▶ **Collected data**
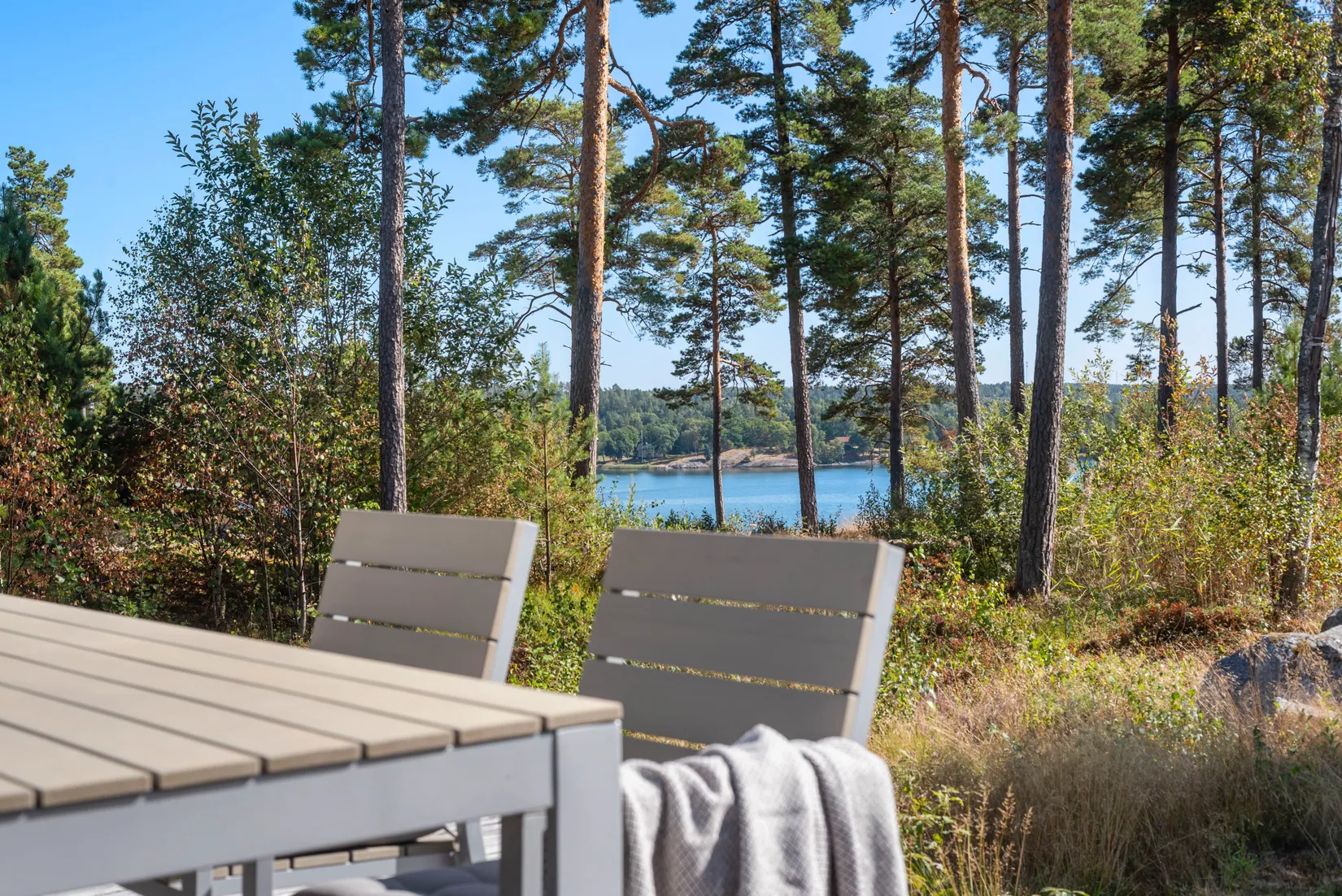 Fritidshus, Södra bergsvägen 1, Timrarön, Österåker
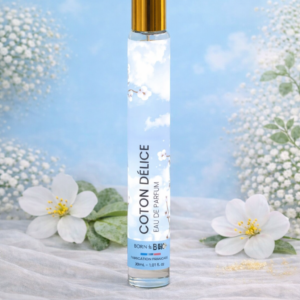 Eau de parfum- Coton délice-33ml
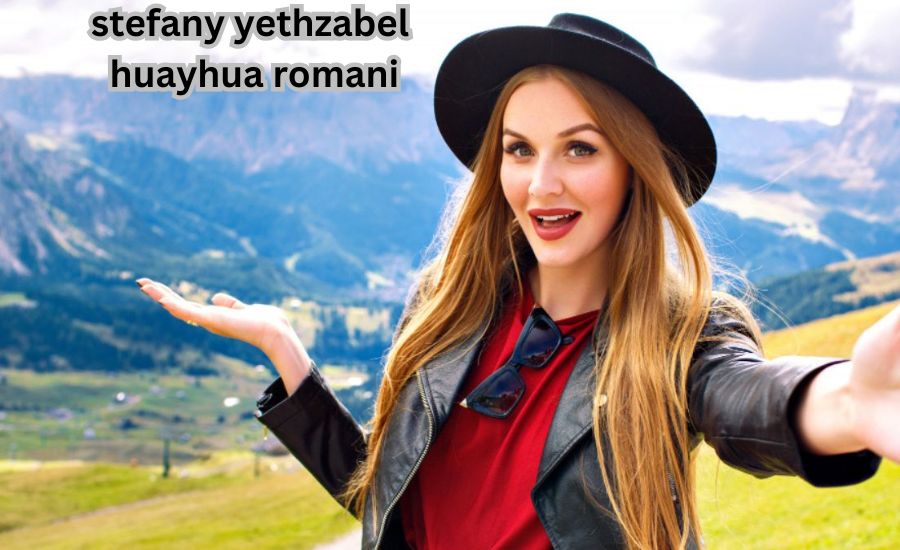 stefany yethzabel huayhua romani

▶ **Problem requirements**
The pictures are not wanted, but every line of the listing should be duplicated exactly.

▶ **Reply to the task**
 Fritidshus, Södra bergsvägen 1, Timrarön, Österåker
 Eau de parfum- Coton délice-33ml
 stefany yethzabel huayhua romani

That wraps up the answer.